Finally there's at least one more peak in between these the weekly and the annual cycle. Plotting a vertical dashed magenta line at the "once every 90 days" frequency, this corresponds to another signal. Thus there's at least a three substantive signals in the assault data --- once a year, once a week, and now once a quarter. The power of this signal is weaker than the other two, but it's still about 10x stronger than the background noise. This last finding is somewhat unusual as I don't expect that criminals file a quarterly statement and then promptly go assault someone afterwards.
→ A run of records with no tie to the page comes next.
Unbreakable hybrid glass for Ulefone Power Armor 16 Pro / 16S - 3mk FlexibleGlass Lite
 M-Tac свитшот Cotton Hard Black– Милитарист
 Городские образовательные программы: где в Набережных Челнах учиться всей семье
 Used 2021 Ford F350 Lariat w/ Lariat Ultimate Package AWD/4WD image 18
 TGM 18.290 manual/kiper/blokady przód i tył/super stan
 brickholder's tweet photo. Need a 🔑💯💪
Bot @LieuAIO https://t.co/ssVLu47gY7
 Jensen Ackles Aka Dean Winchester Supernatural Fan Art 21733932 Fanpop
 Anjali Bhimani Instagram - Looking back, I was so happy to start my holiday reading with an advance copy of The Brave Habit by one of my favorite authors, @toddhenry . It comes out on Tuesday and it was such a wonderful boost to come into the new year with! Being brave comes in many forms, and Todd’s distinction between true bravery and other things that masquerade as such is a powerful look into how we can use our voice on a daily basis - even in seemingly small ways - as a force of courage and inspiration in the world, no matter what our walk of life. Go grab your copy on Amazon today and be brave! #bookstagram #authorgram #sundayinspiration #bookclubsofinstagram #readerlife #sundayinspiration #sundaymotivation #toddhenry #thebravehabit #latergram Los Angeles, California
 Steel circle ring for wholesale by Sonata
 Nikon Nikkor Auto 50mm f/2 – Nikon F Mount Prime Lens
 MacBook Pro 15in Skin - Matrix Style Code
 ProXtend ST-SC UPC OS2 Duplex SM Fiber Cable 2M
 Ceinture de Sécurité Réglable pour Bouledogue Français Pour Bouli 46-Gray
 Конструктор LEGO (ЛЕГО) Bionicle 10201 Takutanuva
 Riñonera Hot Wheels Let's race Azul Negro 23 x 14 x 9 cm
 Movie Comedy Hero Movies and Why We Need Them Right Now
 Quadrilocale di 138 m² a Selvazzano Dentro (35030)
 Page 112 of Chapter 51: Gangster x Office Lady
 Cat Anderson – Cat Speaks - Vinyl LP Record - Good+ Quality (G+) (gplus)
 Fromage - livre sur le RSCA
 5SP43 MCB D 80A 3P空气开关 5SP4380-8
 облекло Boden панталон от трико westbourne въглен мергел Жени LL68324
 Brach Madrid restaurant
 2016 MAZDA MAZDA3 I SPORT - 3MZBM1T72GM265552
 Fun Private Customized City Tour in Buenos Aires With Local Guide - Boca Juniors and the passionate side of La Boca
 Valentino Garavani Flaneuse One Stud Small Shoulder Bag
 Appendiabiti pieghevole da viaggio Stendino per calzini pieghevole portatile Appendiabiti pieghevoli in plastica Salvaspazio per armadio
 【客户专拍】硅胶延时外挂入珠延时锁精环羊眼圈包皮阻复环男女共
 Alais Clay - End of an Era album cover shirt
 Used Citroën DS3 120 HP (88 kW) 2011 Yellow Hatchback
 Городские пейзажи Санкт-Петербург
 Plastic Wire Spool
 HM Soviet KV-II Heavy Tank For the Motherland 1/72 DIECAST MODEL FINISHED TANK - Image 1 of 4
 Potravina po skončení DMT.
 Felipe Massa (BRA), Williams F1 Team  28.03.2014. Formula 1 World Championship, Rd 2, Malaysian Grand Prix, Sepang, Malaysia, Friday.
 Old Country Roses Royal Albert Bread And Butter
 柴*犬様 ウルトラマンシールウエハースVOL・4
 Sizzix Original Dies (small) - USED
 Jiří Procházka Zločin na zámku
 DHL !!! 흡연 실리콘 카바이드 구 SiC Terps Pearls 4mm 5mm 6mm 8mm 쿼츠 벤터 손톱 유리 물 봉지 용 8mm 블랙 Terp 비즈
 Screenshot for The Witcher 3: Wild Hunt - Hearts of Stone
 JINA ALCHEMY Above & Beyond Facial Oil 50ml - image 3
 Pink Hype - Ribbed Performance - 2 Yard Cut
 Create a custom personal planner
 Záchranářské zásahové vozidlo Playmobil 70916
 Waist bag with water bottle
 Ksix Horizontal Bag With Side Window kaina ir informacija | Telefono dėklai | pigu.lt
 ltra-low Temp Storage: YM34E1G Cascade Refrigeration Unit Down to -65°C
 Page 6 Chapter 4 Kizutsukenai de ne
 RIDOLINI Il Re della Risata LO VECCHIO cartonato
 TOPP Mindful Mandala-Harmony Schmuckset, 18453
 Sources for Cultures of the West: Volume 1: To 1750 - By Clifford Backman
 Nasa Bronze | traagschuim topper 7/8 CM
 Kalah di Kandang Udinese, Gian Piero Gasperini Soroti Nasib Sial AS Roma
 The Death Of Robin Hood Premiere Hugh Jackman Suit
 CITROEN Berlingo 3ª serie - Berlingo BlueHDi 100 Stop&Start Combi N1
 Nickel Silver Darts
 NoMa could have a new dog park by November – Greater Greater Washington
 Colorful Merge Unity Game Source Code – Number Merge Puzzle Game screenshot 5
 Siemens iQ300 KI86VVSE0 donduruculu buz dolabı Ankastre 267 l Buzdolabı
But this strong and regular quarterly signal strongly suggests there's some bureaucratic process at work here that's driving reporting on a ~91-day cycle.
In [56]:
d = ts['Assault'].dropna()
n = len(d)
ps = np.abs(np.fft.fft(d)**2)
plt.plot(ps,lw=4,c='g',alpha=.75)
plt.yscale('log')
plt.xscale('log')
plt.xlim((10,100))
x = plt.xticks()[0]
plt.xticks(x,(n/x).round(1))
plt.axvline(n/365,ls='--',c='c') # Annual signal
plt.axvline(n/182,ls='--',c='m') # Quarterly signal
plt.axvline(n/7,ls='--',c='y') # Weekly signal
plt.grid(False,which='Minor')
plt.xlabel('Frequency (days)',fontsize=18)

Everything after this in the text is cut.